Set in Cornwall towards the end of the 18th century, the first three books in the Poldark series tell the story of two families, the Poldarks and the Warleggans, and the bitter rivalry between the heads of both – one an impoverished mine owner from a long-established family, and the other of the nouveau riche anxious to establish their own credentials in the county. Ross Poldark returns from America where he was serving with his regiment in the War of Independence to find that his father has died, the girl he hoped to marry is engaged to his cousin, Francis, and his home is a virtual ruin. The copper and tin mines are slowly closing and war with France is brewing. At the Truro Fair he meets and befriends Demelza Carne, a thirteen-year-old waif who was being bullied by a gang of boys, and takes her back to Nampara to work as a kitchen maid. The rest, as they say, is history.
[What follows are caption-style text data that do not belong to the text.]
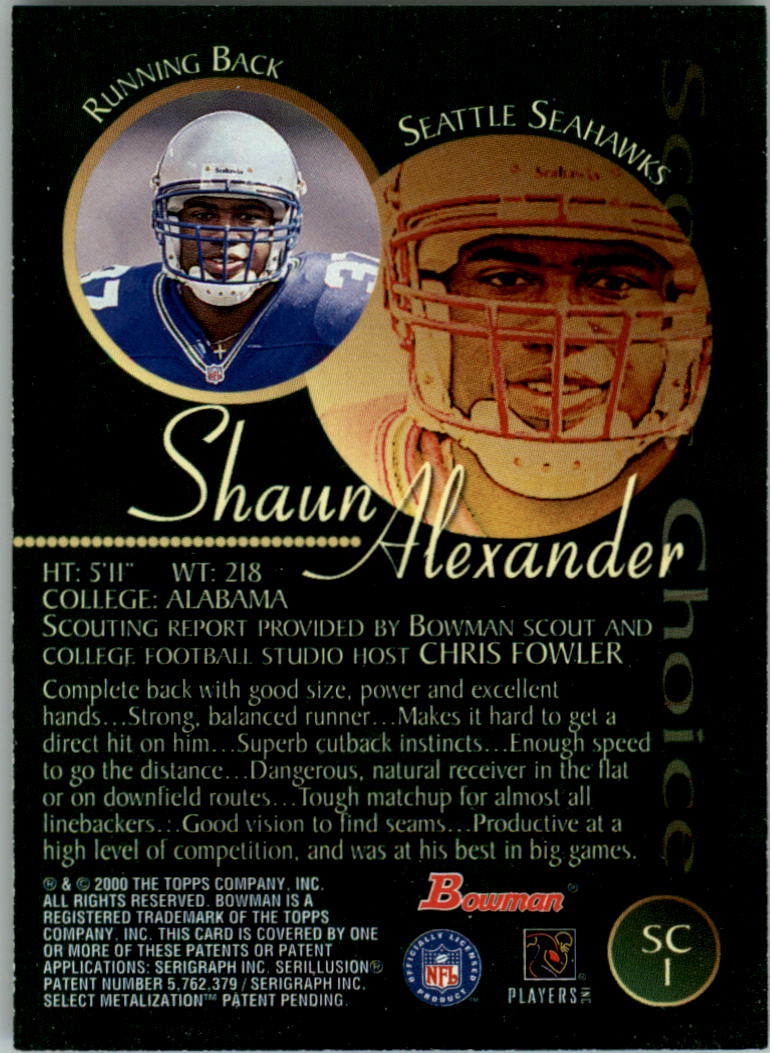 2000 Bowman Scout's Choice #SC1 Shaun Alexander back image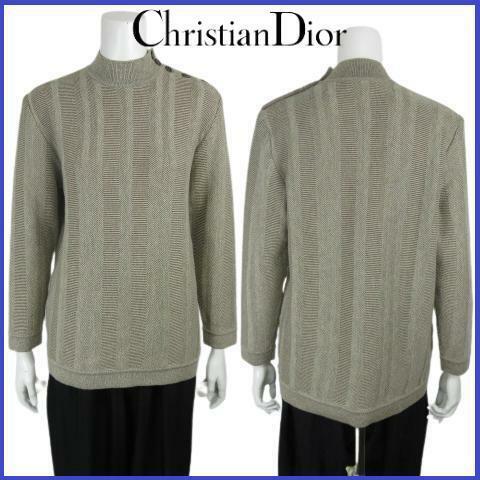 90's ヴィンテージ クリスチャンディオール ニットセーター ショルダーボタン モックネック Christian Dior ビンテージ ヘリンボーン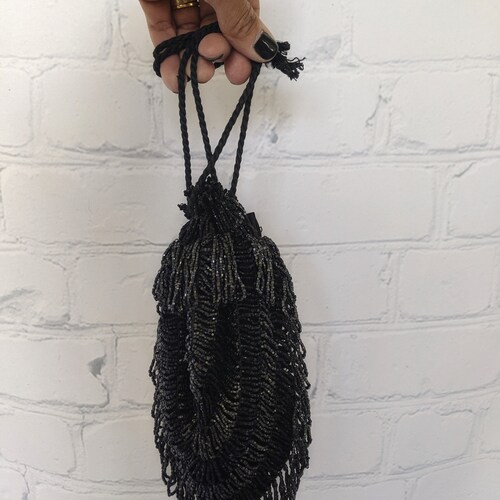 Rare And Collectible late 1800s: Antique black reticule beaded bag shops in good condition. Gorgeous!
In 1977 the BBC first transmitted the books as a television series, and many readers will remember the stories of love, treachery and betrayal vividly set against a backdrop of mining, fishing, wrecks and smuggling. These first three books cover the period from 1783-1791 and tell the story of life in Cornwall at that time with all the joys, despairs, excitement and disasters with which it was peppered.
Although a devoted fan of the TV series I never read the books but am finding them as much joy to read now as the series was to watch some forty years ago. They will certainly find a permanent place on my bookshelves. This is social history at its best and I can’t wait to read the rest of them.